Data collection at sea ©Stephen Insley

Mapping Our Arctic Soundscapes

Marine animals communicate with sound. This, and the consequences of sound pollution in their environment, is something we humans might not often think about. The Beaufort Sea is home to beluga, ringed seals, bearded seals, and many species of fish; and all these animals make noise. It’s a real aquatic cacophony of life down there! For species like the beluga whale, sound is how they communicate, in the same way we greet our friends with a hello or raise our voice when there's danger. But, their environment is potentially about to become very noisy with cruise ship activity, and shipping routes opening up via the Northwest Passage (another product of climate change). How will acoustically-sensitive species, like beluga, manage in this changing soundscape?

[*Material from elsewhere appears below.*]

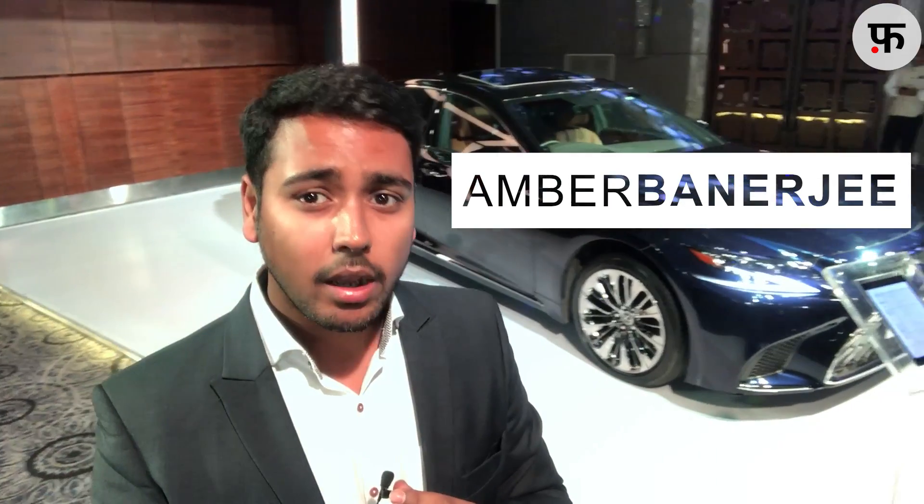Hello and welcome guys. I will take you to the launch event of the Japanese luxury brand Lexus, where the company is launching its flagship model LS500H in India. In India, only its hybrid version will be available, which comes with a 3.5L V6 petrol engine combined with a multi-stage hybrid system and mated to a 10-speed automatic transmission.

This is where Stephen’s specialty comes in. Part of his educational background is in sound and acoustics, and how animals use sound. In chatting with Stephen, he explained how the Arctic Ocean is unique in that so far, it has been largely untouched by large scale human activity. If we think about the beluga again as an example, they are used to a very quiet environment, free of industrial noise. And they require this quiet environment for communication for finding mates, finding food, and living together. When a loud sound pollutes this soundscape, it masks the natural acoustic environment. It overpowers the animals' sounds, causing them to have to stay closer together, which affects their movement and range, or they just stop and try to escape the noise.

A closer look at a hydrophone ©Stephen Insley

So why is this important to know? Is sound pollution really that big of an issue? It definitely can be. Imagine that suddenly your house was at the very end of an airport with constant traffic. It would be extremely disruptive to your day-to-day life. Or imagine standing three feet from shooting firecrackers, this would be akin to what a whale would hear from single-pulse boom ‘sound pulses’ from underwater airguns used in oil exploration. 

Stephen’s work looks at these marine acoustic environments. Using a passive acoustic monitoring system (hydrophone) that is lowered into the water, he can measure the biological and environmental sounds. With this information he can determine where shipping routes may be safer for the animals around, or where traffic can be directed further away from an area. It takes understanding how the natural soundscape sounds, and what animals are there and what they do, to understand what may be detrimental to their health.

Protected areas within the ISR ©Department of Fisheries and Oceans Canada

Safe Havens

Places like Anguniaqvia Niqiqyuam Marine Protected Area (MPA), and Tarium Niryutait MPA (which is along the Yukon North Slope) provide a high level of environmental protection in regards to industrial activities like oil and gas exploration, mining, dumping, and bottom trawling. But not all of the Beaufort Sea in the ISR has the same level of protection. So this environmental work by folks like Stephen, and everyone involved in environmental management partnerships, will aid in the conservation and resilience of our Arctic home.

Our Science Chats series was created and developed by Kayla Nanmak Arey. She shares a little about herself below:

Nanmak is a name I share with my granny Jean Arey (my great grandmother). My nanak Nellie (grandmother), and my mom Carol say my granny was stubborn, and so was I. Inuvialuit names are passed down from generation to generation, and I am proud to have the name Nanmak. Translated, nanmak means to backpack. Specifically, for a working Inuit dog to carry things in, a nanmak.